═══ SUPPLIED MATERIAL ═══

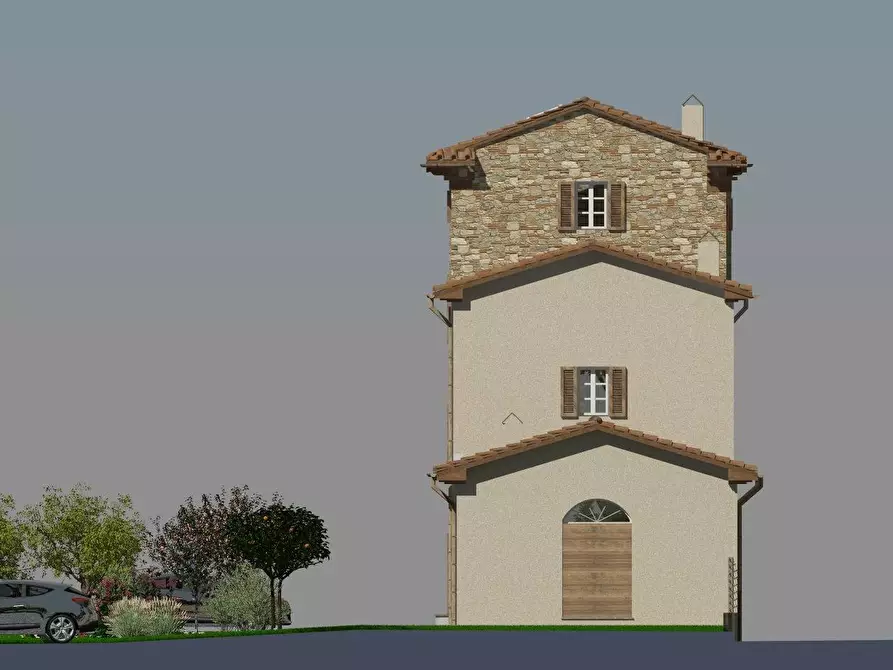 Immagine 11 di Casa semindipendente in vendita  a Capannori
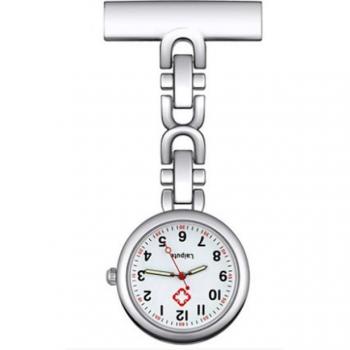 Quartz Nurse Pocket Watch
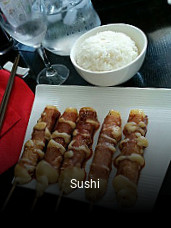 Sushi plan d'ouverture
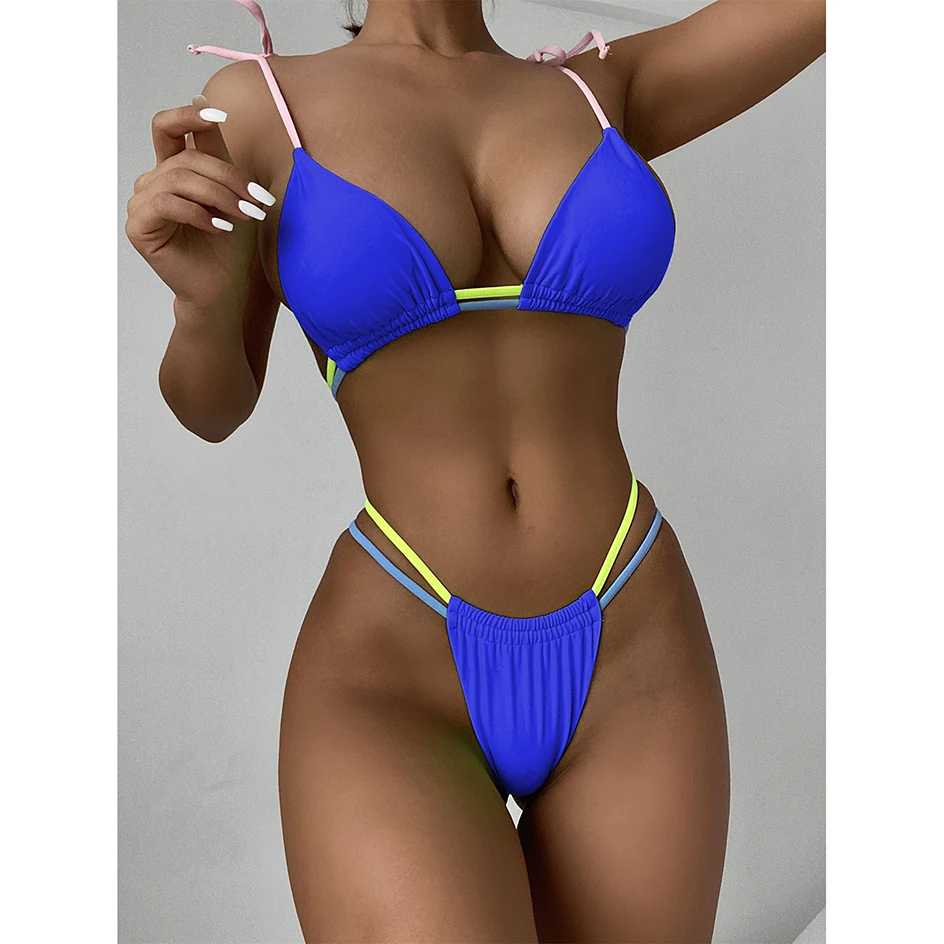 Emulation Applied mini La reducere! Bikini Sexy 2021 Mujer Costume De Baie Femei Costum De Baie  Brazilian Tanga, Bikini Set 2 Bucata Costum De Baie Pentru Femei Beach Port  Maillot De Bain ~ Costum de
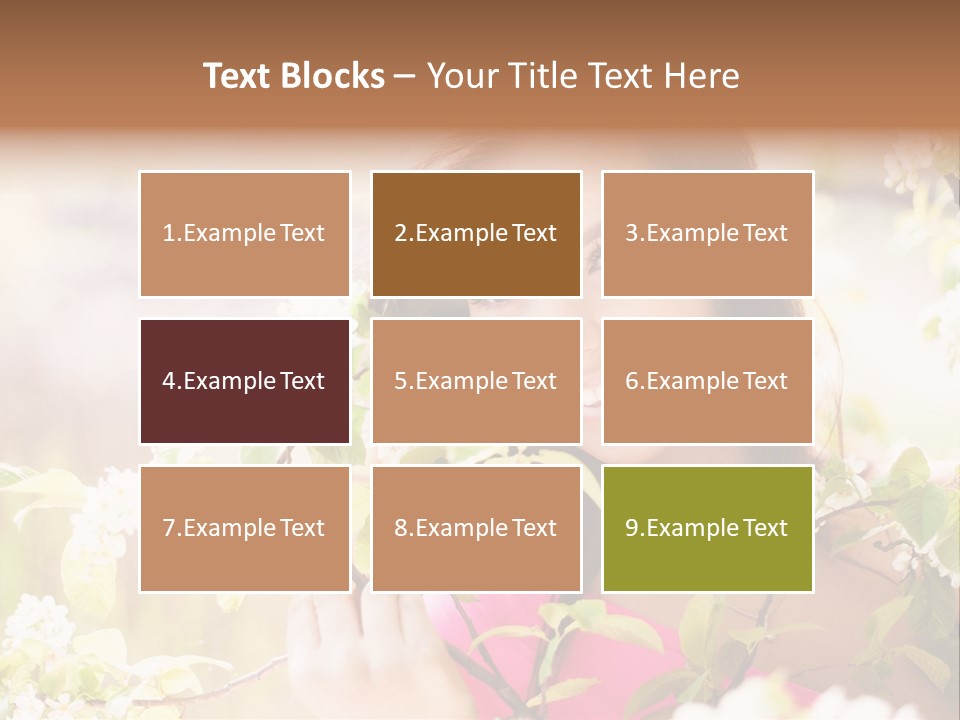 Ideal Pretty Summertime PowerPoint Template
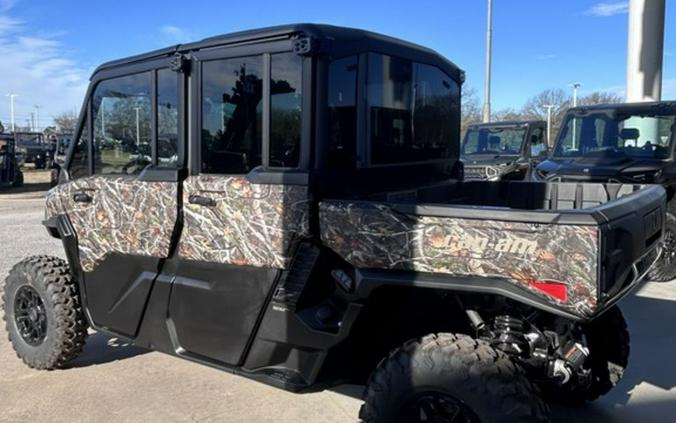 2026 Can-Am® Defender MAX Limited HD11 Dark Wildland Camo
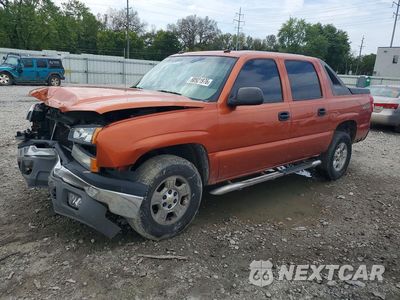 2003 CHEVROLET AVALANCHE K1500 3GNEK13T93G282545 - główne zdjęcie licytacji z USA - miniatura
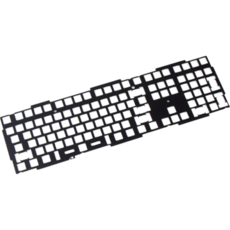 Keychron 鋁製 Plate 鍵盤定位板 Q6 Knob Aluminum, P67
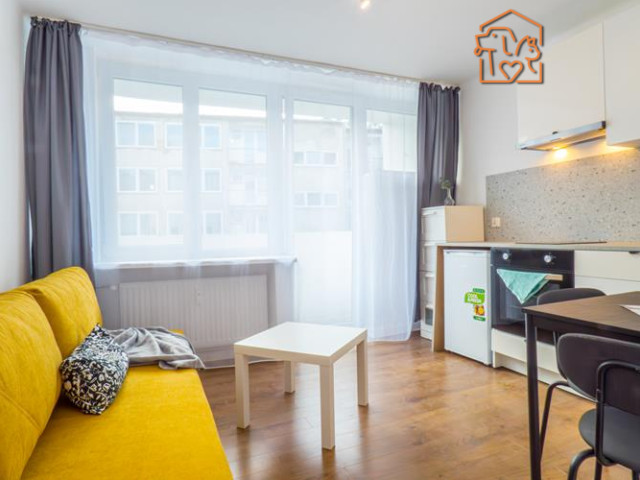 Kawalerka, balkon, pet-friendly - Moniuszki 4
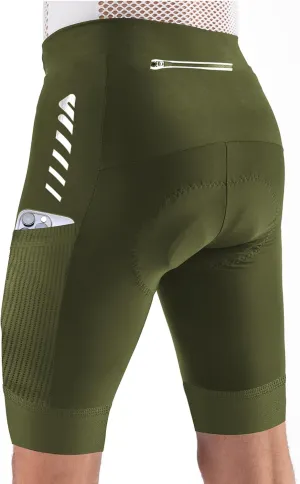 Wulibike Cycling Shorts Men Padded:Tights Highly Elastic Breathable Quick-Drying Road Bike Bicycle Shorts for Men Pockets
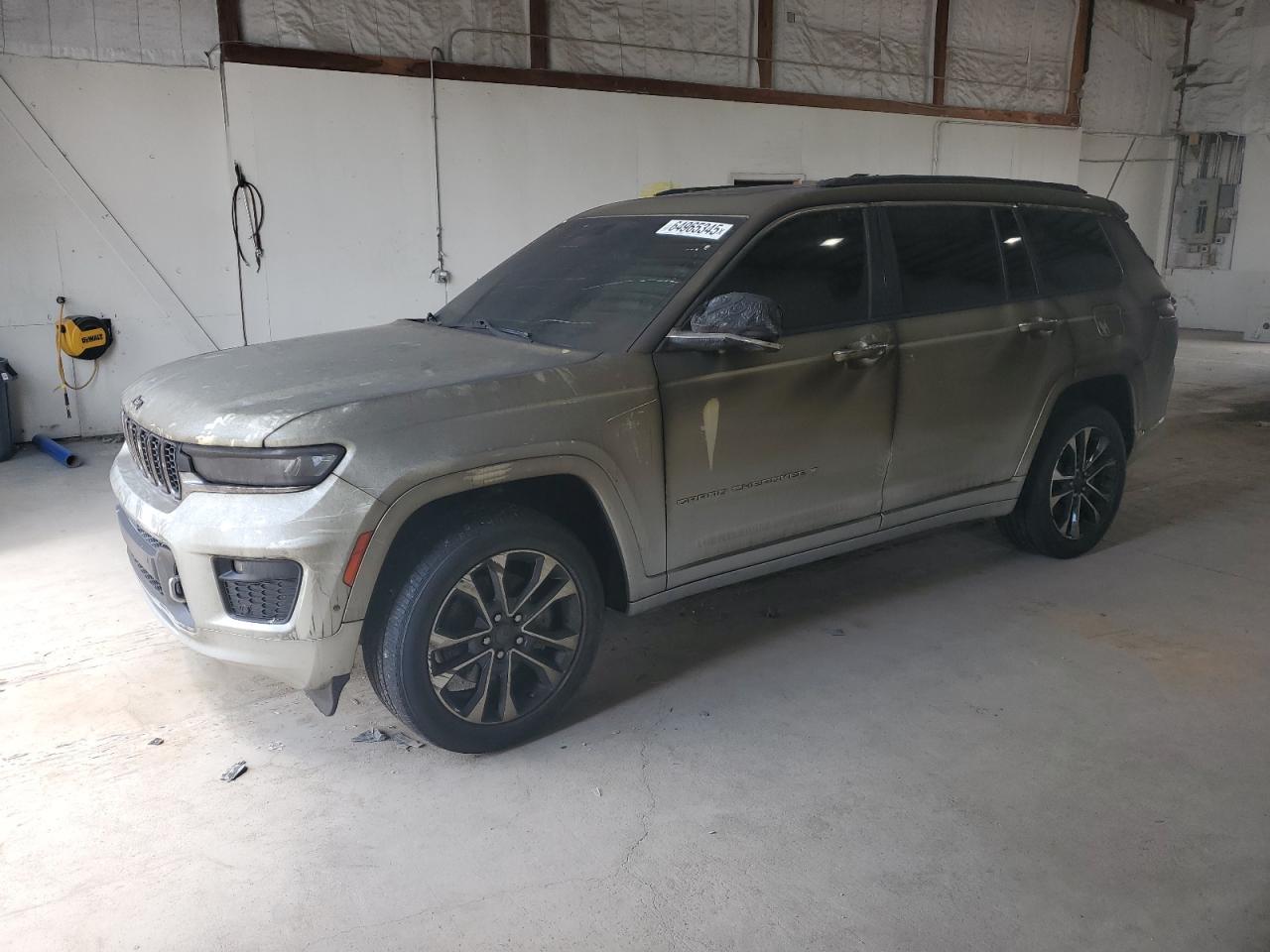 2021 Jeep Grand cher L OVERLAND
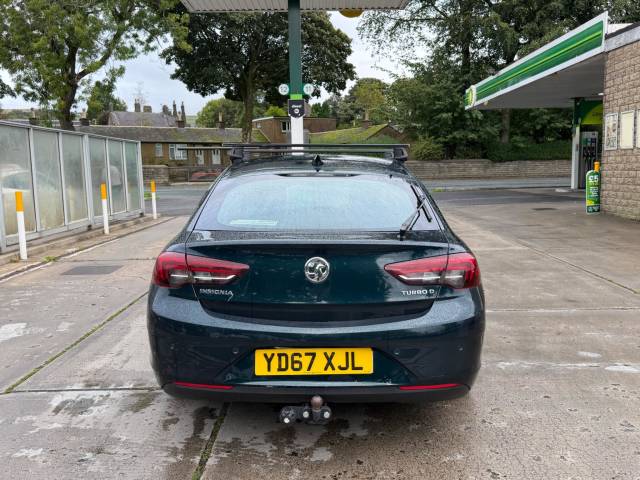 2017 Vauxhall Insignia 1.6 Turbo D ecoTEC BlueInjection Tech Line Nav Grand Sport Euro 6 (s/s) 5dr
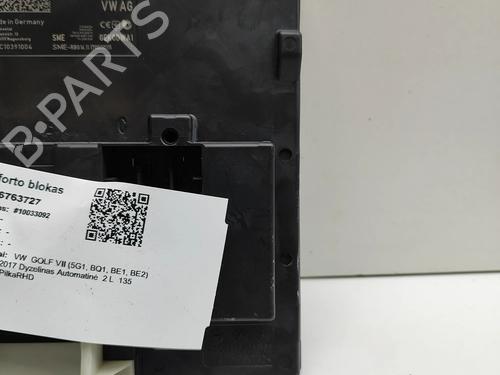 Electronic module VW GOLF VII (5G1, BQ1, BE1, BE2) 2.0 GTD | BP37583827M83  - Image 6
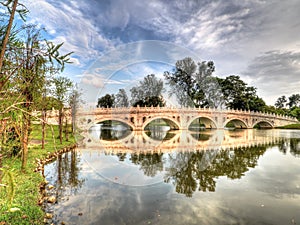 Bridge in Chinese Garden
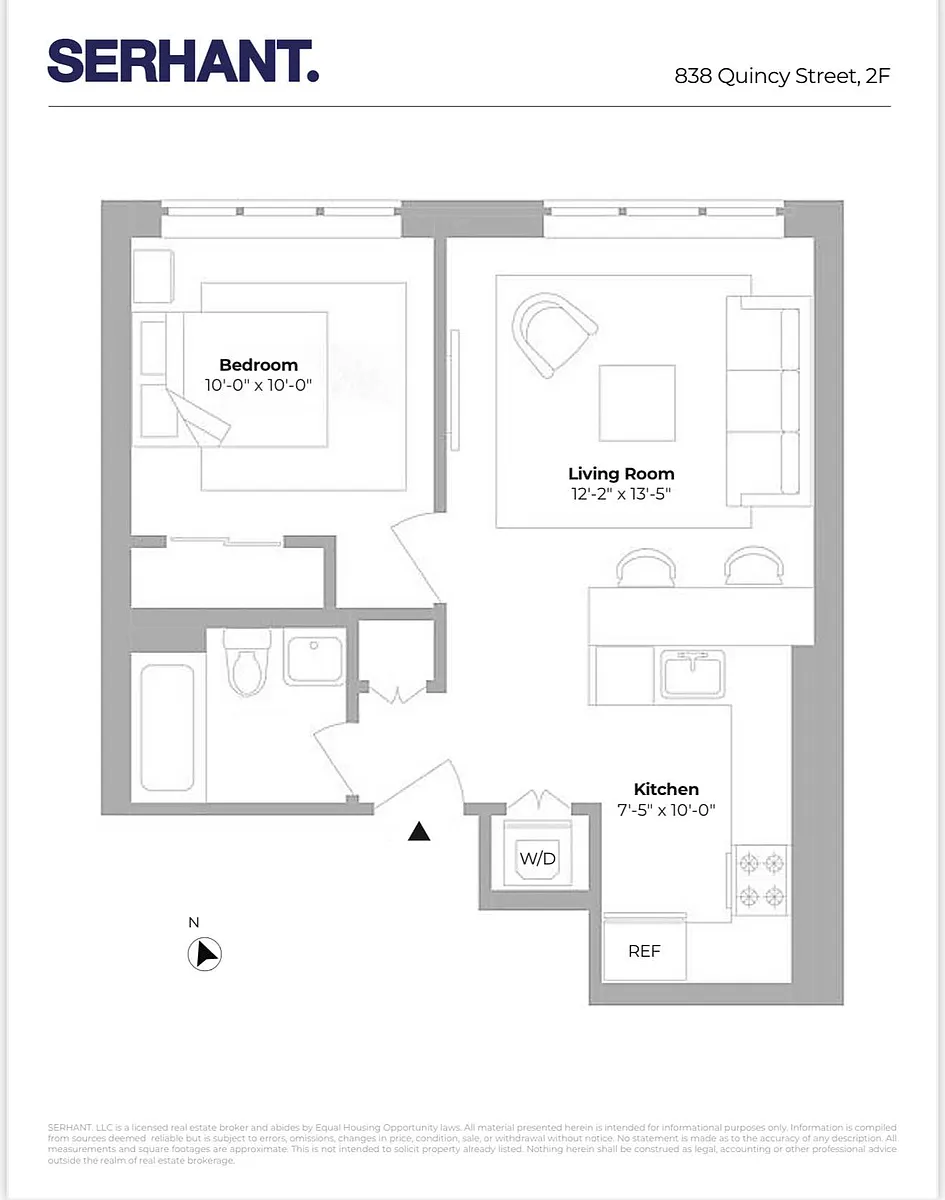 Building Photo - 838 Quincy St #2F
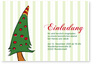 Weihnachtsbaum, gr�n, Streifen
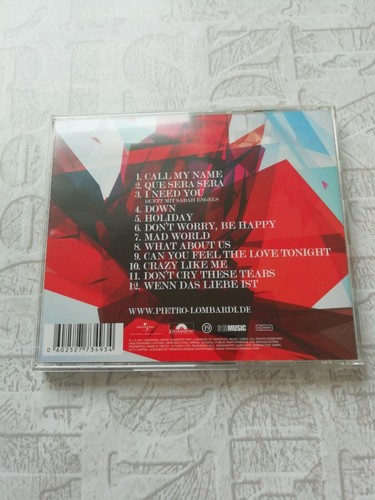 Jackpot von Pietro Lombardi (CD, 2011) - Bild 2 von 4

═══

▸ TASK PROMPT
Retype each line above precisely, please. Skip anything that is a picture.

▸ EXERCISE RESULT
 Immagine 11 di Casa semindipendente in vendita  a Capannori
 Quartz Nurse Pocket Watch
 Sushi plan d'ouverture
 Emulation Applied mini La reducere! Bikini Sexy 2021 Mujer Costume De Baie Femei Costum De Baie  Brazilian Tanga, Bikini Set 2 Bucata Costum De Baie Pentru Femei Beach Port  Maillot De Bain ~ Costum de
 Ideal Pretty Summertime PowerPoint Template
 2026 Can-Am® Defender MAX Limited HD11 Dark Wildland Camo
 2003 CHEVROLET AVALANCHE K1500 3GNEK13T93G282545 - główne zdjęcie licytacji z USA - miniatura
 Keychron 鋁製 Plate 鍵盤定位板 Q6 Knob Aluminum, P67
 Kawalerka, balkon, pet-friendly - Moniuszki 4
 Wulibike Cycling Shorts Men Padded:Tights Highly Elastic Breathable Quick-Drying Road Bike Bicycle Shorts for Men Pockets
 2021 Jeep Grand cher L OVERLAND
 2017 Vauxhall Insignia 1.6 Turbo D ecoTEC BlueInjection Tech Line Nav Grand Sport Euro 6 (s/s) 5dr
 Electronic module VW GOLF VII (5G1, BQ1, BE1, BE2) 2.0 GTD | BP37583827M83  - Image 6
 Bridge in Chinese Garden
 Building Photo - 838 Quincy St #2F
 Weihnachtsbaum, gr�n, Streifen
 Jackpot von Pietro Lombardi (CD, 2011) - Bild 2 von 4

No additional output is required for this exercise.